図1 IT投資Trend Indexの経年変化と前年度経済成長率
図1
出典:ガートナー(ITデマンド・リサーチ)、1999〜2008年度の経済成長率は2009年12月時点の内閣府データ (2009年度は政府見通し)、2010年度は主要エコノミスト平均値 (2009年9月)
 

推奨事項

  • ユーザー企業は、ITコスト削減の機会を引き続き見つける努力をすると同時に、景気回復期に向けて、業務コスト削減と競争優位獲得のためのIT投資計画を立て、景気回復と同時に先行的に投資できるよう準備する。その際、どのようなITソリューションが自社の競争力を高めることができるのかを見つけるために、第三者 (同業他社、ITベンダー、コンサルタント、リサーチ会社など) の視点を取り込むことも重要である。

  • ベンダーは、ユーザー企業の投資行動を踏まえて、特に競合ベンダーのユーザー企業に対してITコスト削減策を引き続き提示し、一方で優良顧客に対しては、業務コスト削減と競争優位獲得のためのIT投資計画にビジネス・パートナーとして参画する。

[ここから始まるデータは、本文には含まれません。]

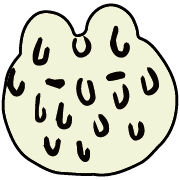 010
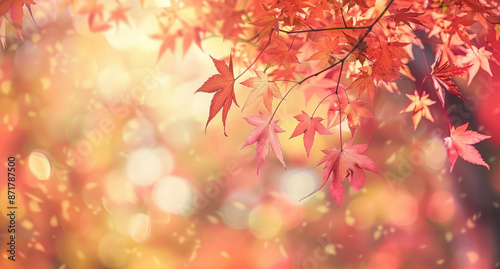 Autumn background with blurred red maple leaves on a light soft pastel colored background, an autumn nature concept banner design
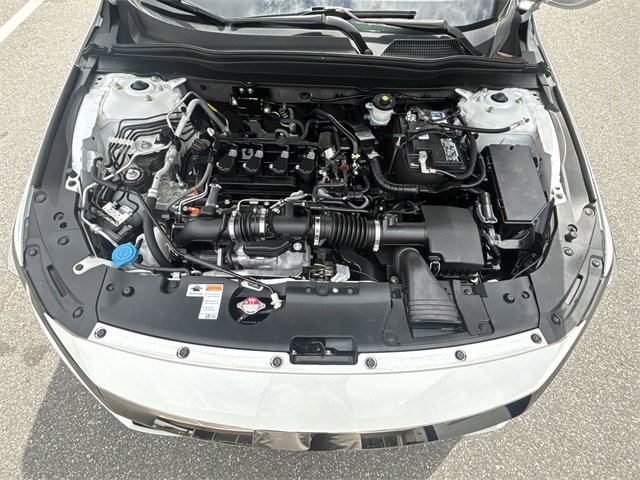 2021 Honda Accord Sport SE photo 17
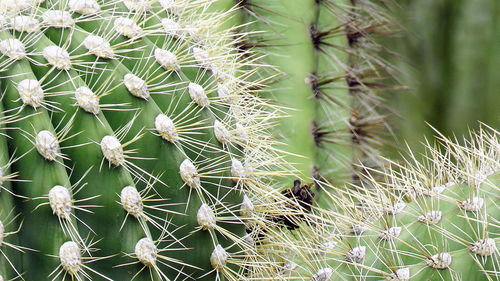 Close-up of cactus plant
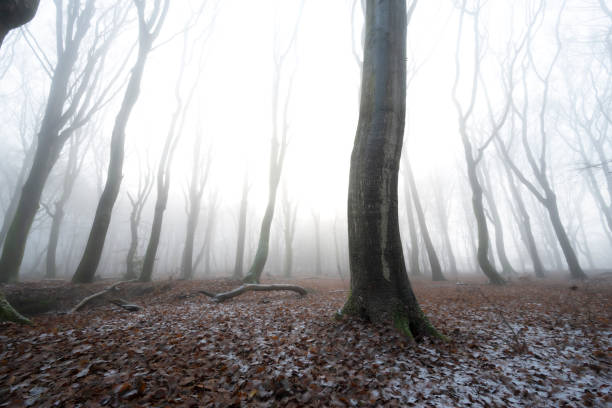 Beech tree forest during a foggy winter morning with some snow on the forest floor of the Speulderbos in the Veluwe nature reserve. The forest ground is covered with brown fallen leaves and the path is disappearing in the distance. The fog is giving the forest a desolate and moody atmosphere.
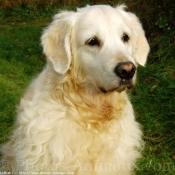 Photo de Golden retriever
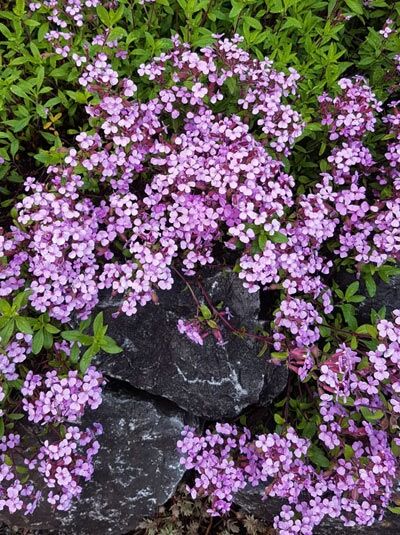 Kissen-Seifenkraut / Saponaria ocymoides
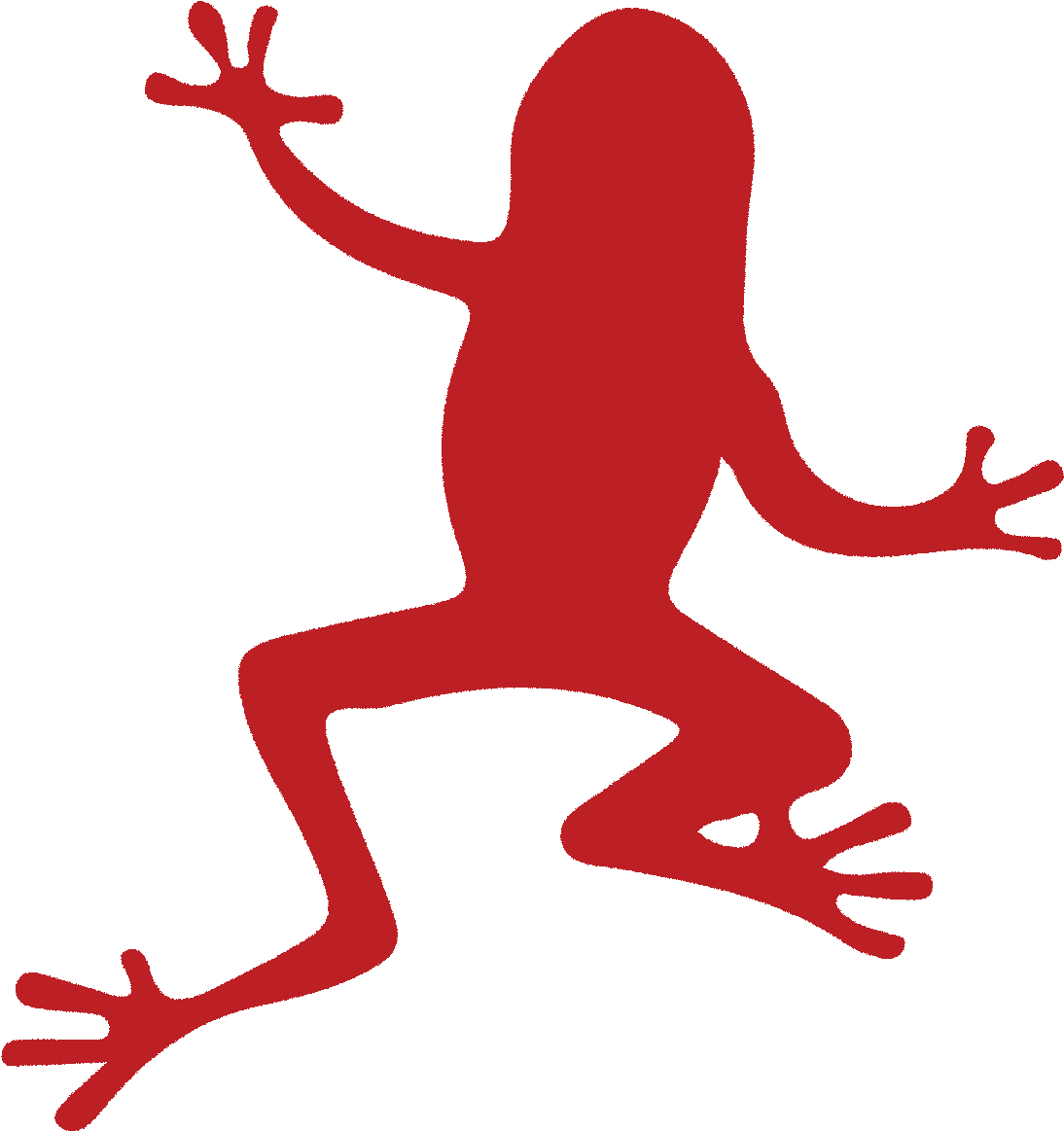 Family Friendly Tours In Guyana - True Frog (1133x1181)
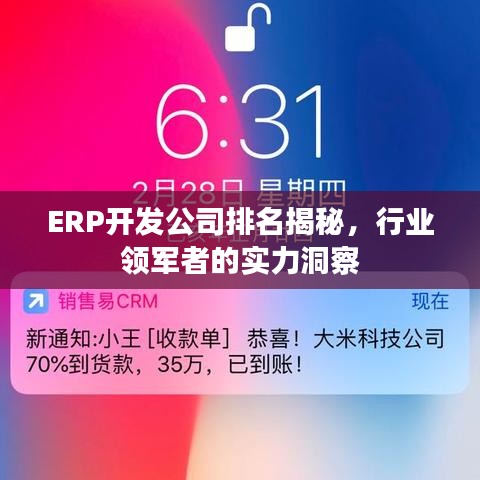 ERP开发公司排名揭秘，行业领军者的实力洞察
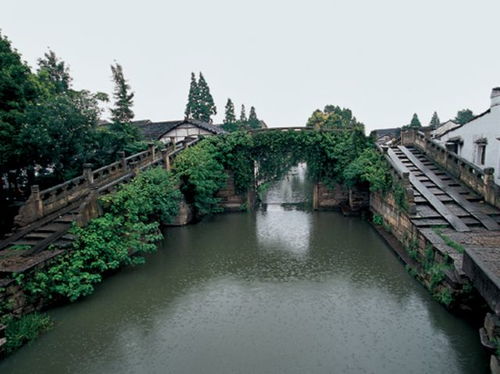 绍兴 安昌古镇 八字桥 芝林小九寨2日游 年度热销款,宿五星级度假酒店 含中西式自助早 享泳池或健身房,含门票0购物,千条真实点评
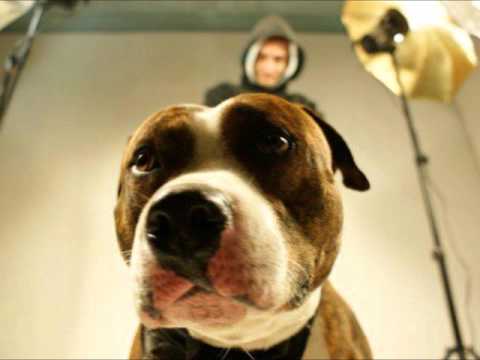 Gras Du Bide   Un pied dans la tombe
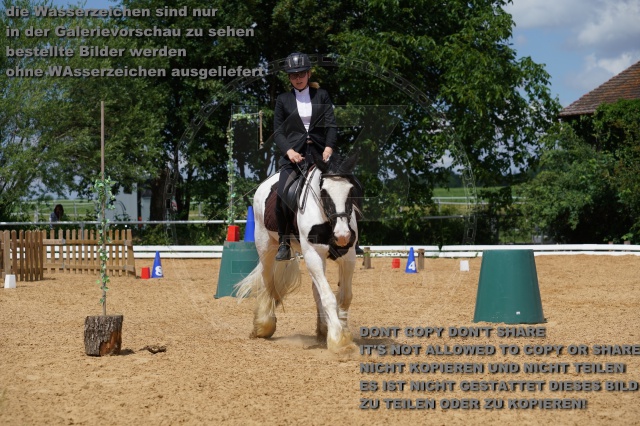 s_K3F05950.JPG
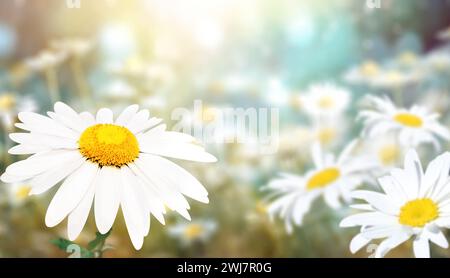 Wilde Kamillenblüten auf einer Wiese im sonnigen Frühlingshintergrund. Sommerszene mit Kamillenblüten in Sonnenstrahlen. Nahaufnahme oder Makro. A p Stockfoto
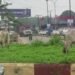 10 Cows Seized as Oyo Cracks Down on Open Grazing in Apete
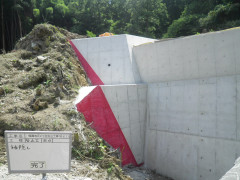 RIMG15894.JPG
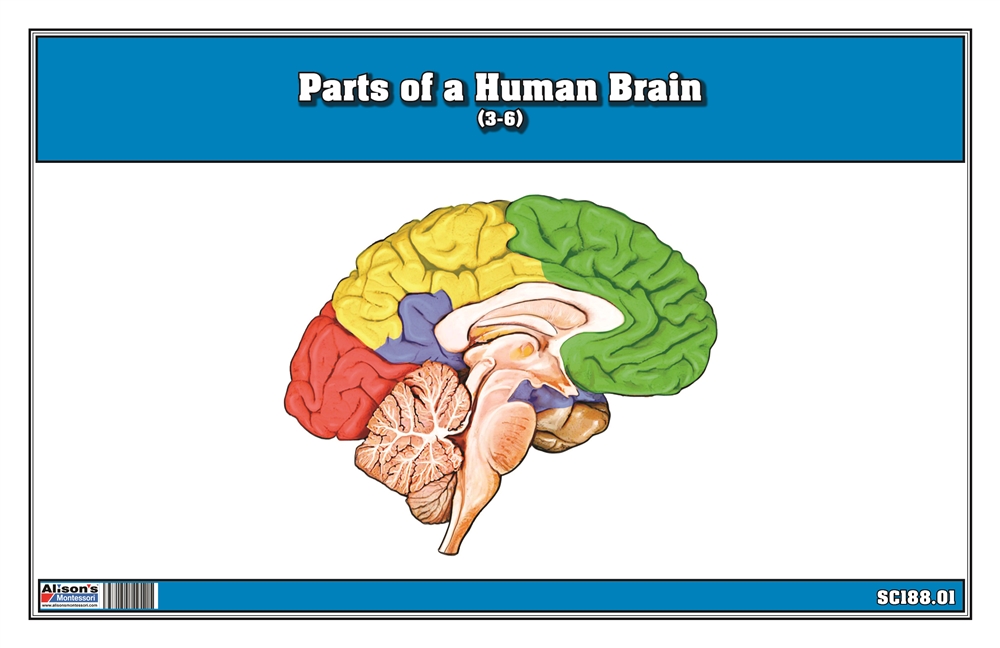 Parts of a Human Brain 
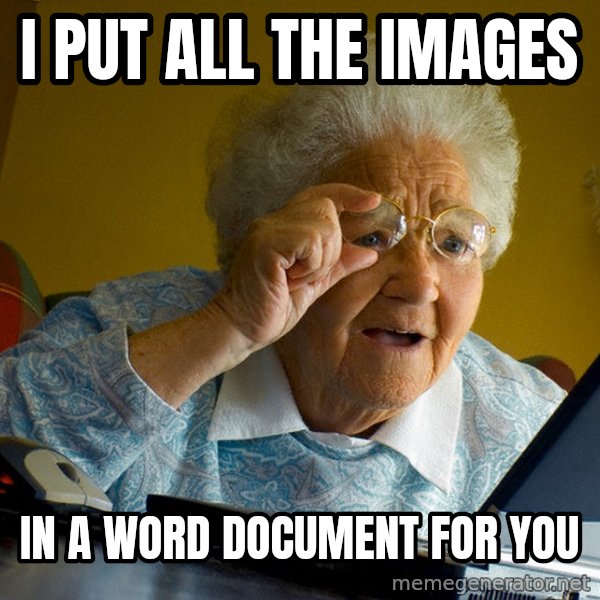 Internet Grandma Surprise meme: I Put all the images / in a word document for you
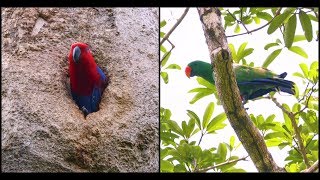 Eclectus Parrot Pair  Iron Range National Park [upl. by Cacka]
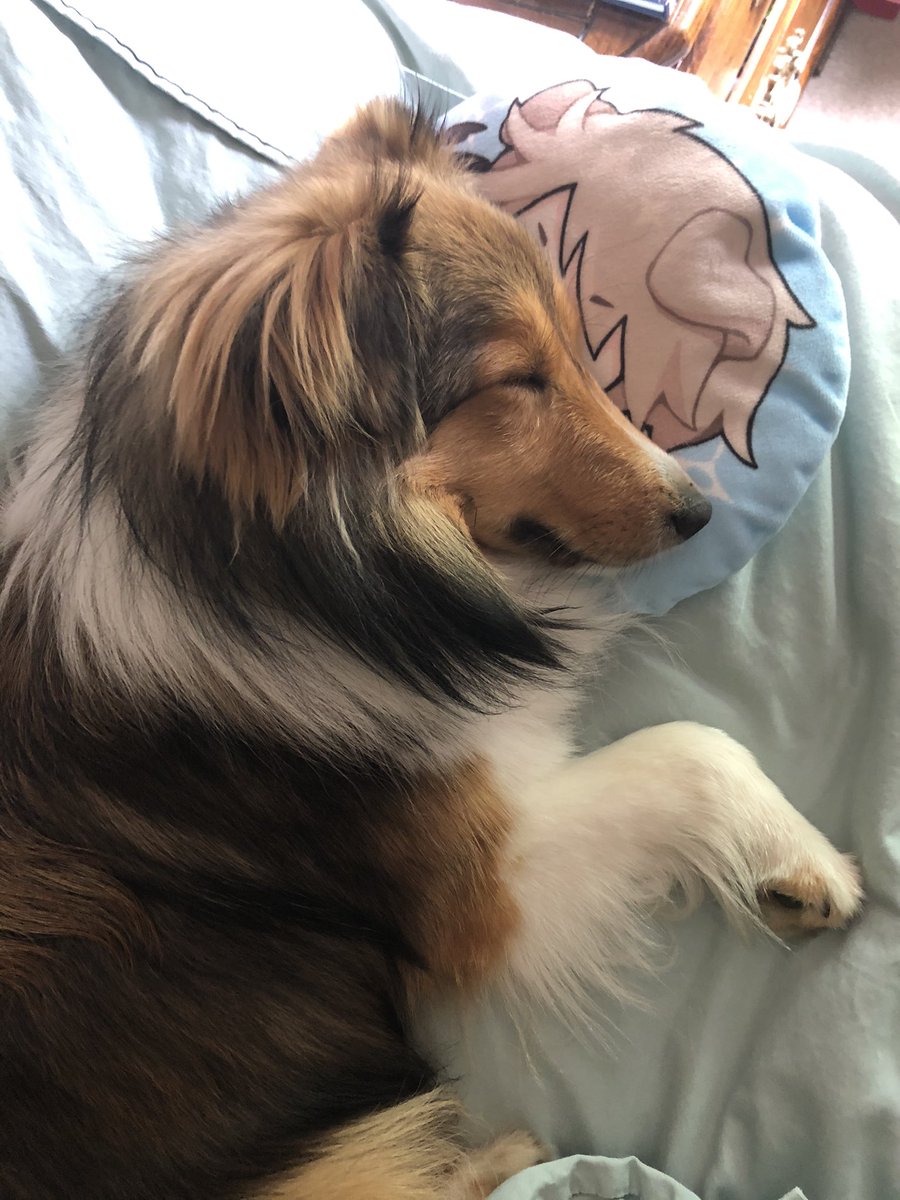 Callie is asleep on Elliot pillow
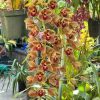 Cymbidium Doctor Len ‘Geyserland' B/CSA, HCC/AOS - Image 5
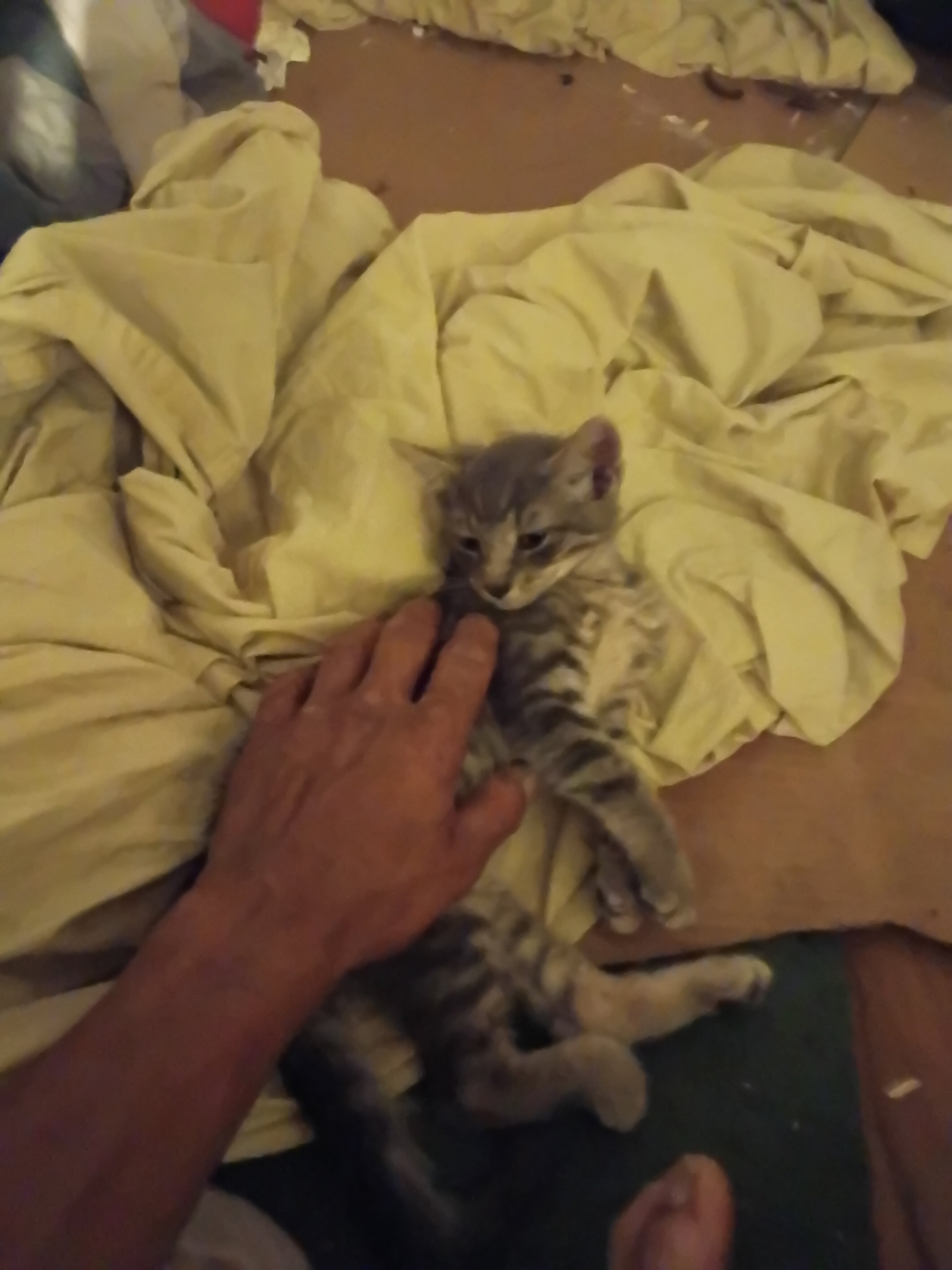 kitten image 4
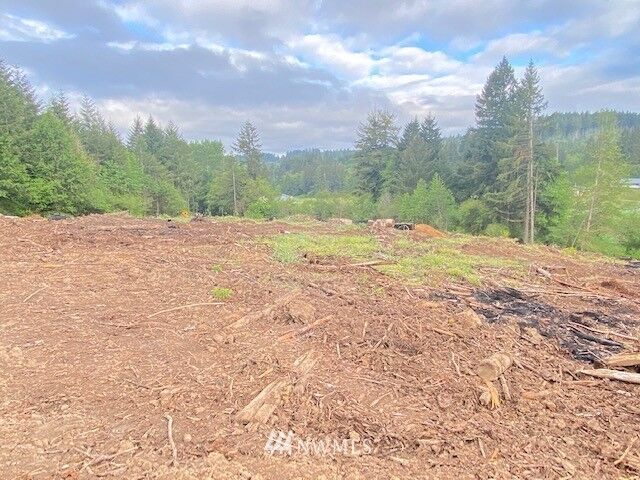 Property Photo: 0 B Ramsaur Road WA 98531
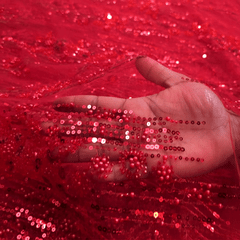 Red Embroidered on Red Net Fabric with Cutdana, Pearl & Sequin Work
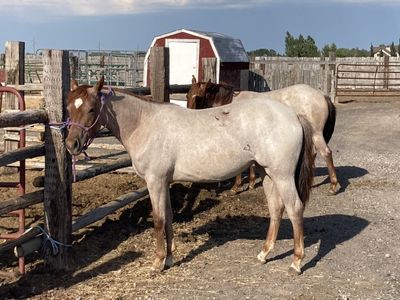 Yearling Red Roan Filly Metallic Cat/Peptoboonsmal breeding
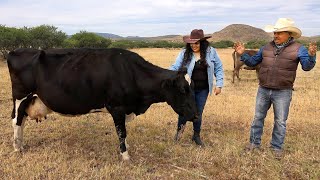 CÁSESE CON UN RANCHERO Y Nunca TENDRÁ CARENCIAS [upl. by Ephraim201]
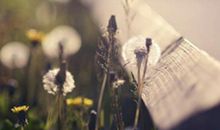 2016情人节最伤感的句子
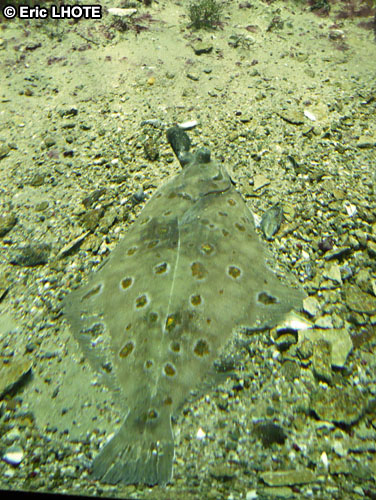 Turbot
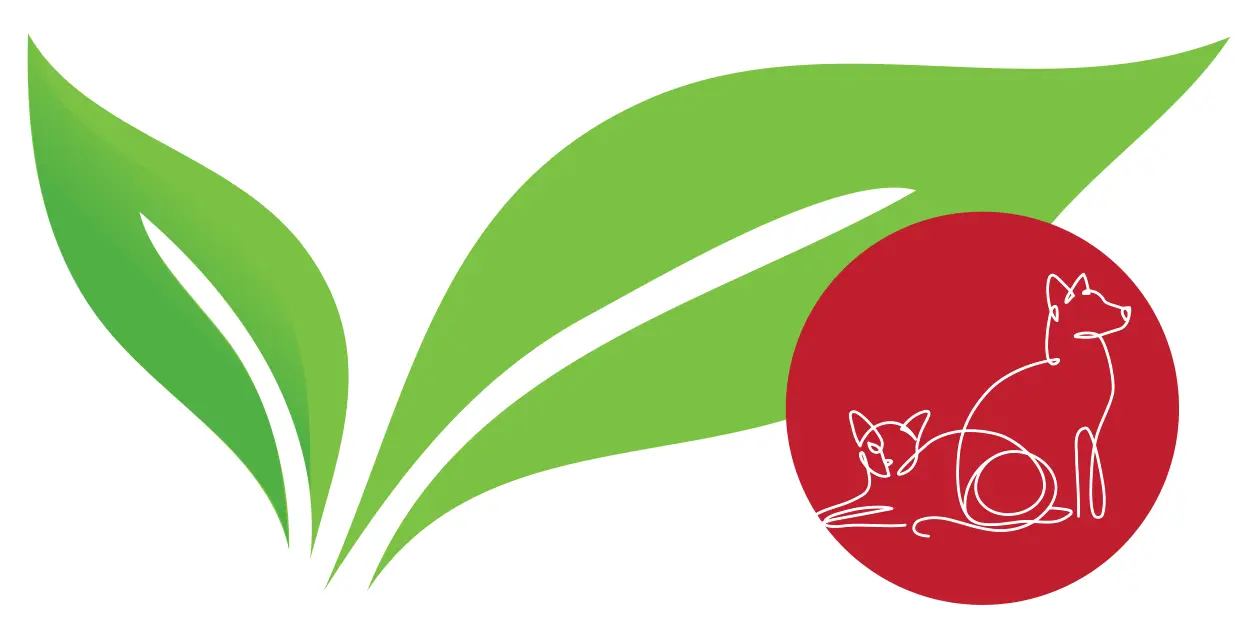 Graphic illustrating Animal Services Division Program 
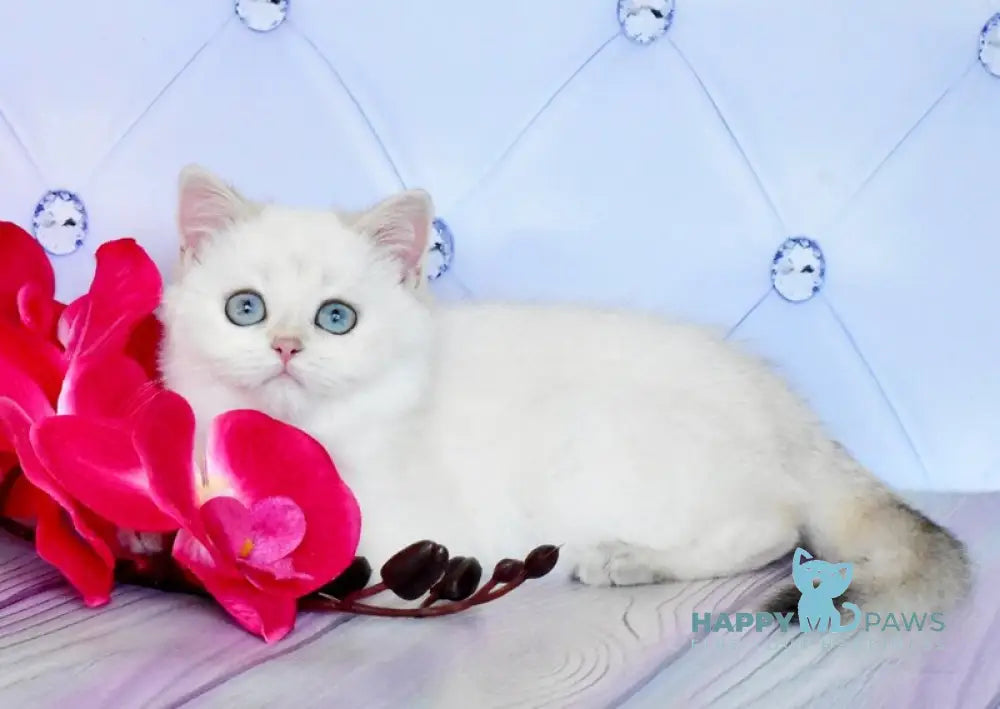 Sonya British Shorthair female black golden shaded pointed live animals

IT予算総額 (市場規模) が縮小する中、勝ち残るには、自社の強みをさらに強化するような差別化戦略を取ると同時に、弱みを補うためのエコシステムも採用するなど、バランスの取れた戦略策定行うことが不可欠である。
     

備考1 IT投資Trend Index

 ユーザー企業のIT予算額の前年度比増減率を7つ (20%以上減、10〜19.9%減、0.1〜9.9%減、不変、0.1〜9.9%増、10〜19.9%増、20%以上増) に分類し、それぞれに重み (-3, -2, -1, 0, +1, +2, +3) を付け、加重平均を取った数値。

備考2 IT予算

 情報システム部門が把握できる範囲の年間のIT関連予算額を指し、ハードウェア (購入費、年間レンタル/リース料)、ソフトウェア (ライセンス料、年間レンタル/リース料)、ハードウェア/ソフトウェアの保守・サポート費、外部委託費 (開発、運用管理、ベンダーの常駐要員人件費など)、ネットワーク利用料、内部 (IT管理担当社員) 人件費などが対象となる。キャッシュが中心で、減価償却費は含まない。